Palabra persuadida

Yo diría que no me obligues a ser cruel. No me obligues a ser cruel. No busques las cosquillas de mi crueldad, si acaso estás aburrida o el vodka contra el frío te hizo daño.

No busques al enemigo que hay en mí, sólo por saber si sigue vivo. La bandera blanca está llena de sangre y ya no está tan blanca como la intención aquella que movía  mi mano.

Yo no soy un chico al que le vayan bien las amenazas. Si alguien me amenaza, antes de que cumpla lo que dice, ya está muerto diez veces, así, a mano desnuda y a corazón desnudo. Después del primer muerto, los demás ya son rayas para tachar de a cinco.

Lo que digo de mí no es puro hábito. Tiene más de verdad que de otra cosa, pero no quisiera tener que probártelo justo ahora en que vivimos con patos y palomas y yo no tengo ganas de ir a la armería por munición graneada.

Aprendé a valorar mis gestos de cariño o me voy a cansar de hablar en el desierto y de verdad me voy a callar, no porque el espejo me diga que voy a estar más sexy, sino porque la vida marca pautas de hartazgo y yo ya tengo saturados prácticamente todos mis TM (límite de tolerancia máxima, por si la  sigla se aleja de tu léxico).

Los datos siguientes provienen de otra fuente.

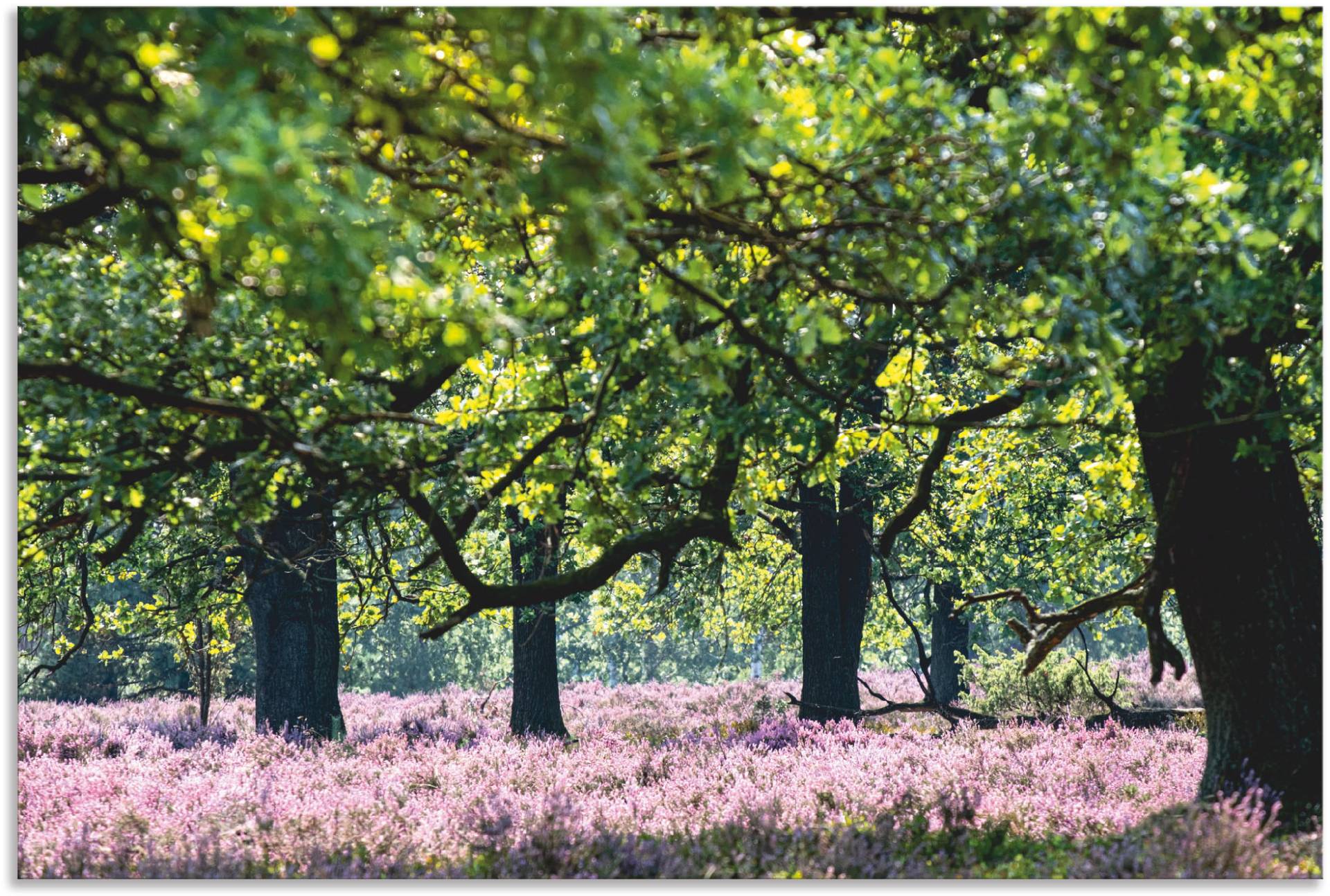 Artland Leinwandbild »Lüneburger Heide«, Wiesen & Baumbilder, (1 St.), auf Keilrahmen gespannt von Artland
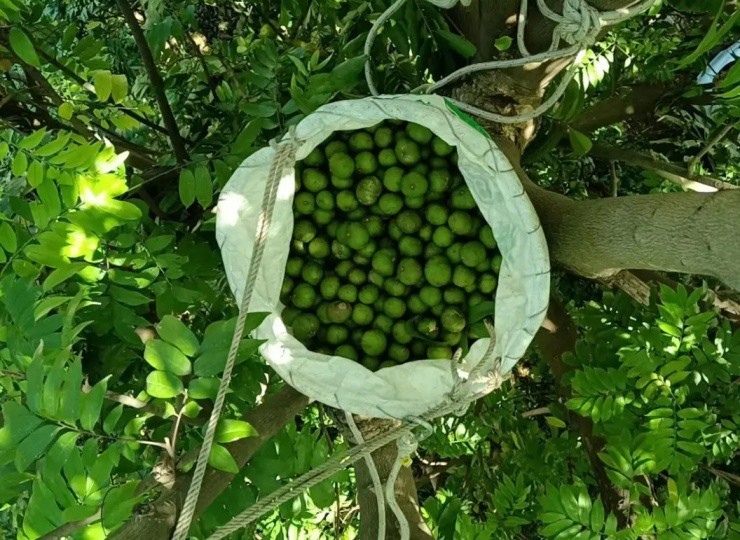 Quả mọc đầy đường ở Việt Nam, sang nước ngo&agrave;i đắt ph&aacute;t sốc- Ảnh 2.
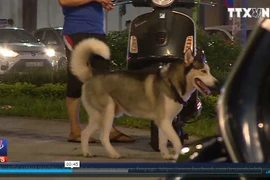 [Video] Khó xử lý tình trạng chó nuôi thả rông tại các khu dân cư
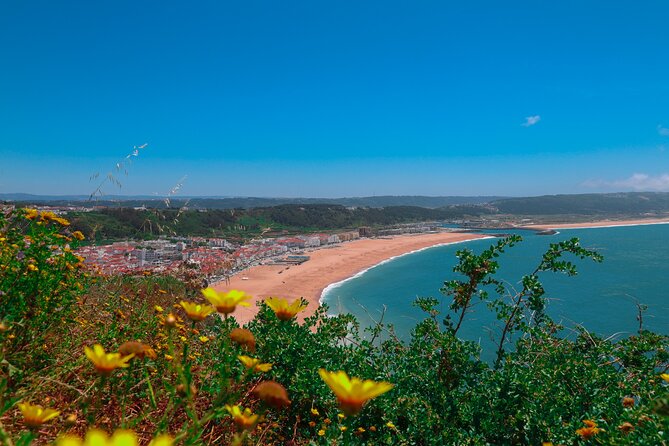 From Lisbon: Small Group to Pena Palace, Nazaré & Fátima - Pena Palace: romantic color above Sintra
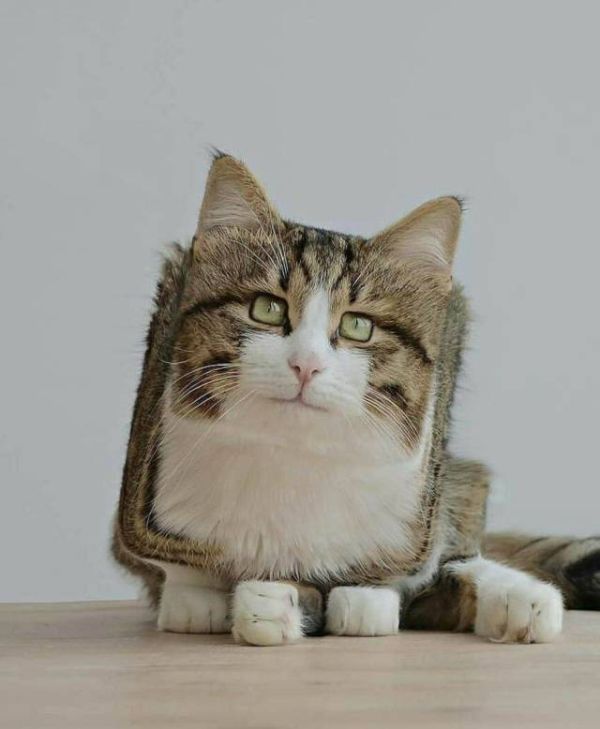 Немного милоты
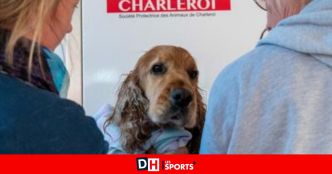 La SPA de Charleroi est déjà saturée : "Mais le pic d'abandons au début des vacances, c'est aussi une hausse des adoptions"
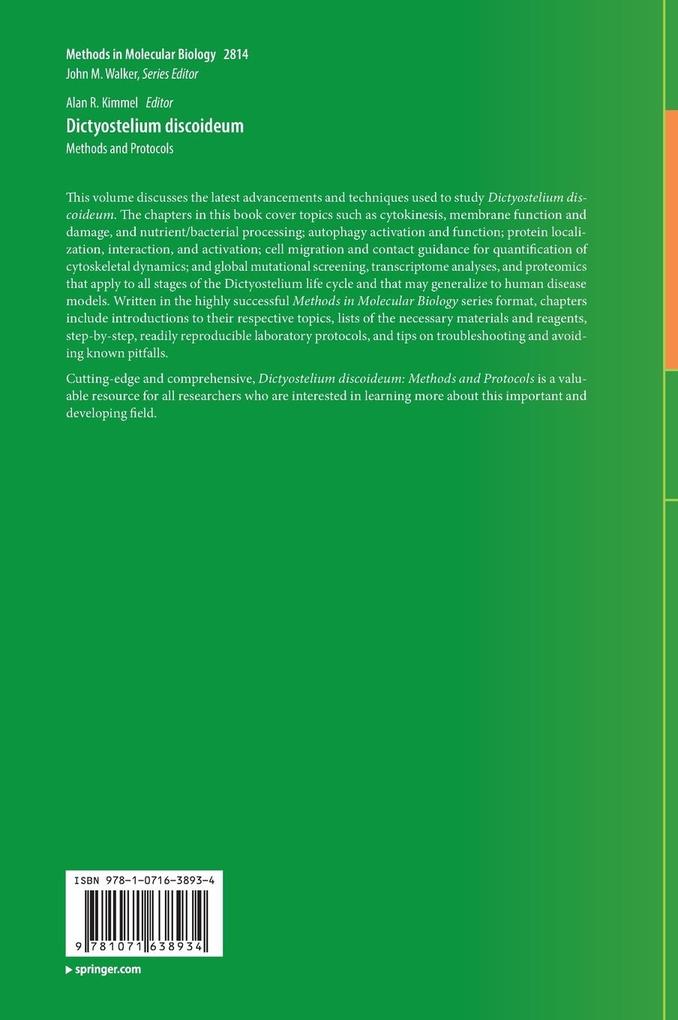 Weitere Ansicht: Dictyostelium discoideum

Tengo mi propia forma de hacer patria y en mi forma, no van las dictaduras que me digan que tengo que pensar, que tengo que decir o que conviene o no conviene hacer.

Tengo mi propia forma de hacer patria y lo importante de ella es que la hago convencido y no “convenido”. La hago porque mi corazón me manda hacerlo así.

Mis gestos de silencio pueden ser hasta gestos de cariño.

Asimismo, mis gestos de silencio, pueden, un buen día, ser solamente gestos de silencio.